Since the legalization of industrial hemp, farmers across the country have eagerly planted the crop.
Industrial hemp has many uses. The seeds can be pressed for oil or just eaten; the stalks can be made into textiles or rope; it even has some potential as a biofuel. Perhaps the most lucrative use is in producing cannabidiol, or CBD, a newly trendy extract from industrial hemp.
But a rash of hemp crop thefts across the country, believe police, have nothing to do with any of that. After all, it takes specialized equipment to turn industrial hemp into fabric or CBD oil. Industrial hemp is a valuable crop, but it’s a lousy target for theft. As a result, many police forces believe their local thieves have been stealing the hemp because they think it’ll get them high. It…won’t. At least, it shouldn’t.

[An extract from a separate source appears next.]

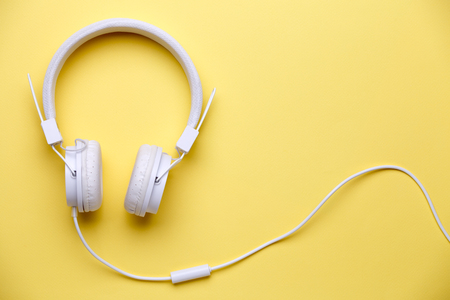 Photo of white headphones for music on yellow backgroundの写真素材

Cannabis thefts have been reported in York, Pennsylvania; Clarksville, Tennessee; Georgia, Vermont; Edgecombe County, North Carolina; and many more.

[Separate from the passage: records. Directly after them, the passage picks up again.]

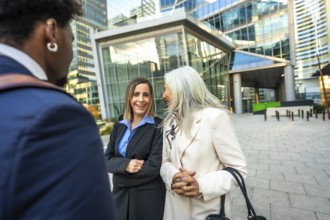 Group of multi ethnic business people engaged in an outdoor conversation with smiling women,
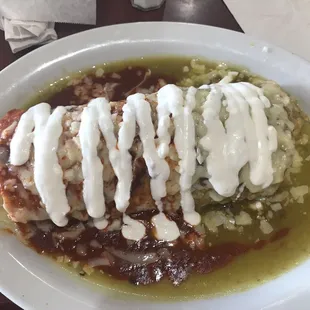Carne Asada burrito mojado, half red and half green sauce! Delicious!!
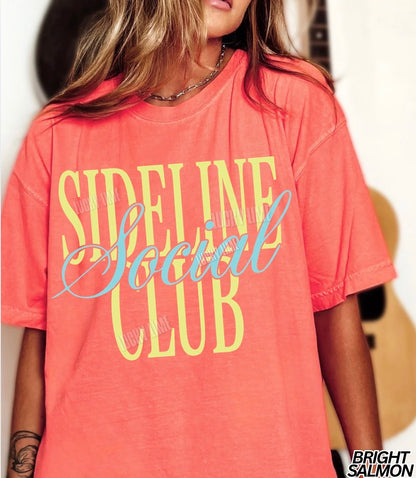 Person wearing a coral t-shirt with 'Sideline Social Club' text, blurred background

The cannabis crop, like most other crops, comes in many different strains, or varietals. Many of those are bred to have high levels of THC, the psychoactive compound that gets you high. Industrial hemp is not one of these; legally, industrial hemp is only permitted to have 0.3 percent THC at most. Many industrial hemp crops have no THC, or barely detectable levels.
That’s such a low concentration of THC that it’s effectively useless for finding a high. Smoking legal, approved industrial hemp will absolutely not get you stoned; it will, probably, hurt your throat. And it could be much worse. Though industrial hemp is so new that legislation regarding pesticides has yet to be decided, illegal or semi-illegal pesticide use is common. And smoking or otherwise ingesting a crop that’s been doused with a pesticide could be very dangerous indeed.
Most of the police forces involved have issued announcements that industrial hemp grown in their districts will not get you high, so please stop stealing it (paraphrasing). We’d like to echo that. Also, it’s rude to steal crops.